また、ダイエットをしたいと思っているのに、甘いものの誘惑やお酒の誘惑に負けて、ついつい口にしてしまった。あなたにはそんな経験がどれくらいあるでしょうか?

やる気はあった。目的意識はあった。でも、目先の誘惑に負けてしまった……。こんな経験は、過去を振り返れば誰しも心当たりがあるものです。

子どもたちも同じです。憧れの中学校があり、合格するために成績を上げたいと思っている。そのために勉強しようと思っている。

それでも、目先のゲームやテレビに負けてしまうことがあります。「ちょっと休憩」のつもりで始めたものが、ついつい「あとちょっと」の繰り返し。本当に「あるある」です。

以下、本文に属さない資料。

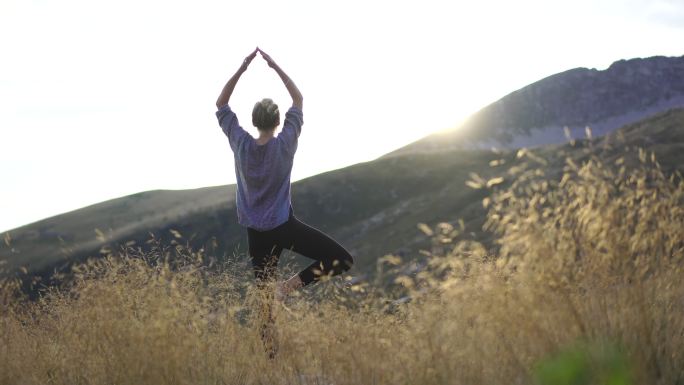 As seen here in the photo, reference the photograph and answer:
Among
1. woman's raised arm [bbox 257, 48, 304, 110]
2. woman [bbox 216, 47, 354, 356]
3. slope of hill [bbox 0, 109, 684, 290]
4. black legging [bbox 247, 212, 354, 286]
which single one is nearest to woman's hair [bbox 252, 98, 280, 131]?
woman [bbox 216, 47, 354, 356]

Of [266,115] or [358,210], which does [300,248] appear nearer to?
[266,115]

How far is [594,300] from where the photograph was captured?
333 cm

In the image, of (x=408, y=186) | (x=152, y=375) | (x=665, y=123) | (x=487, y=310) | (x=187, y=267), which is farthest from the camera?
(x=408, y=186)

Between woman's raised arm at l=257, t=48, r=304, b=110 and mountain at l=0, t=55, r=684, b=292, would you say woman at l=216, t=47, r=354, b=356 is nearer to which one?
woman's raised arm at l=257, t=48, r=304, b=110

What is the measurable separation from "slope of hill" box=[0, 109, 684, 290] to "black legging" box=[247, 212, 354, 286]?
5646 centimetres

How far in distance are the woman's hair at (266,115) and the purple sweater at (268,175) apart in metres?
0.11

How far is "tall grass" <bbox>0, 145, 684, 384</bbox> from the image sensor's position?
3.23m

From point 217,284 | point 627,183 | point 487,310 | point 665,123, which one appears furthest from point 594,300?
point 665,123

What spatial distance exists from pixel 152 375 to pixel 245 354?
703 mm

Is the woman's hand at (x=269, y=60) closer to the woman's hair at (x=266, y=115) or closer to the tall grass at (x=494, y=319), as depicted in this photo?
the woman's hair at (x=266, y=115)

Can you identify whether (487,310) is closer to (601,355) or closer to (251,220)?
(601,355)

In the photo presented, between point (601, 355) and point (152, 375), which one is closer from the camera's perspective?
point (601, 355)

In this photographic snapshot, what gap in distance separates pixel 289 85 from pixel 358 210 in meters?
81.6

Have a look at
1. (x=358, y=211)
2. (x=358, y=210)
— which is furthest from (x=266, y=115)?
(x=358, y=210) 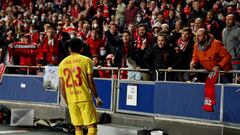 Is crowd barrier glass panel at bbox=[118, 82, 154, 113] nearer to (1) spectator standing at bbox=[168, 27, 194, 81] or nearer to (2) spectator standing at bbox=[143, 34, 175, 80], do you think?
(2) spectator standing at bbox=[143, 34, 175, 80]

こうしたときに、子どもたちを叱って責めても、改善することはめったにありません。何しろ、子どもたち自身もやる気はあるのですから。

むしろ、子どももそんな自分を「どうにかしたい」と思って悩んでいたりします。彼らに必要なのは、叱られて悲しい思いや悔しい思いをすることではありません。

誘惑に負けない手段です。

そこで、この節では、誘惑に負けない人は、どうやって誘惑に勝っているのかをお伝えしようと思います。

お菓子の置き場所で食べる量は3倍変わる

誘惑に負けない最も効果的な戦略は、「戦わずして勝つ」ことです。

誘惑と対峙して、意志力を発揮して勝つのは困難です。それよりも、そもそも誘惑が少ない環境に身を置いたほうが、目標を達成できる可能性はグンと高まります。

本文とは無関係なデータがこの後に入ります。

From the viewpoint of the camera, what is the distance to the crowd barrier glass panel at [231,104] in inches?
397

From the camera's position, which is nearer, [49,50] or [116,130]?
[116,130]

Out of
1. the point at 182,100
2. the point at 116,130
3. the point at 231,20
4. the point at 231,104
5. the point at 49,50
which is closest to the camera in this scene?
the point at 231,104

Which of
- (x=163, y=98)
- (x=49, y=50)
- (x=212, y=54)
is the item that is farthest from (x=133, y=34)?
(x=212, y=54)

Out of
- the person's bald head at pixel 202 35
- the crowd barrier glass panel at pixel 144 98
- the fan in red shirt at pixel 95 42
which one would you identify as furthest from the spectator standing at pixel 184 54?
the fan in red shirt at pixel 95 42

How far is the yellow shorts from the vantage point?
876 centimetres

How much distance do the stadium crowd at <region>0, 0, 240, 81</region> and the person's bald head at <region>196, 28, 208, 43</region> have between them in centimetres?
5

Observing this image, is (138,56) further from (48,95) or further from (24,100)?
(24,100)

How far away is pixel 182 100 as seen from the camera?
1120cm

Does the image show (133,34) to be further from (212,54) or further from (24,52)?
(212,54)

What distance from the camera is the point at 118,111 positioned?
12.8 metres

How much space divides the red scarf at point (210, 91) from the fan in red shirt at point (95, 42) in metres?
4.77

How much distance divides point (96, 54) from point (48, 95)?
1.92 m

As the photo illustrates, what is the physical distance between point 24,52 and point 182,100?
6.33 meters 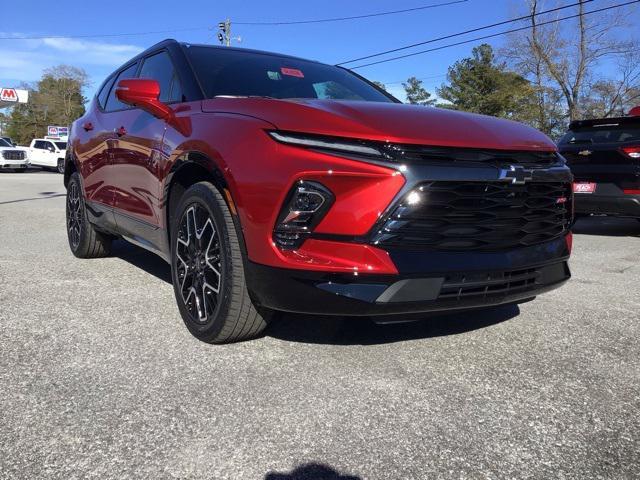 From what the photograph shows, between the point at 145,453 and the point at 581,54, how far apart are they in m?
39.8

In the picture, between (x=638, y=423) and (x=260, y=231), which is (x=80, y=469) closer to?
(x=260, y=231)

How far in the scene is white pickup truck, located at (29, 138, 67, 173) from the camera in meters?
29.9

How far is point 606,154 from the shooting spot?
688cm

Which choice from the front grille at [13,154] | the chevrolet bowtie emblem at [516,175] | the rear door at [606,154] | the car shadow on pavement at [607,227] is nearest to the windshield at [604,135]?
the rear door at [606,154]

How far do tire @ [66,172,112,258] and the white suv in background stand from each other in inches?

例えば、職場でお菓子を机の上に置いておくか、引き出しの中にしまっておくかで、食べてしまう量は3倍くらい変わるそうです。面倒でも「引き出しにしまう」ことが、誘惑に「戦わずして勝つ」ために効果的なのです。

誘惑が少なくなるように環境を整えることが大切だとよくわかりますね。

冒頭で「目標達成のために増やしたい行動があったら、その行動をしやすいようにハードルを下げよう」という話をしました。逆に、減らしたい行動に対してハードルを上げましょう。

ダイエットのために、お菓子を食べる量を減らしたい?

であれば、お菓子を目につかないところにしまって、食べるときは、わざわざ出さなければいけないようにしましょう。歯を磨いてしまって、お菓子を食べたらまた歯を磨き直さなければいけない状況にするのもよいでしょう。面倒くさくて食べる気が失せます。

勉強時間を増やすために、テレビを見る時間を減らしたい?

テレビ用のカバーを用意して、見終わったら毎回カバーをかけるようにしましょう。主電源も切り、コンセントも抜いておくとよいですね。

イラストレーション=伊藤ハムスター

リモコンのスイッチ一つで簡単につけられる環境と、わざわざカバーを外し、コンセントを入れて主電源を入れなければいけない環境では、テレビを見る時間は大きく変わるでしょう。

ゲームやユーチューブも同じです。使わないときには目につかないところに片付けて、やりたい気持ちを刺激しないようにしましょう。そして、やりたいと思っても、わざわざ準備しないといけない面倒な状況にするのです。

また、友達からの誘いに関しても、誘われたら断りにくいでしょうから、先に「○曜日以外は勉強があるから遊べない」などと伝えておくとよいでしょう。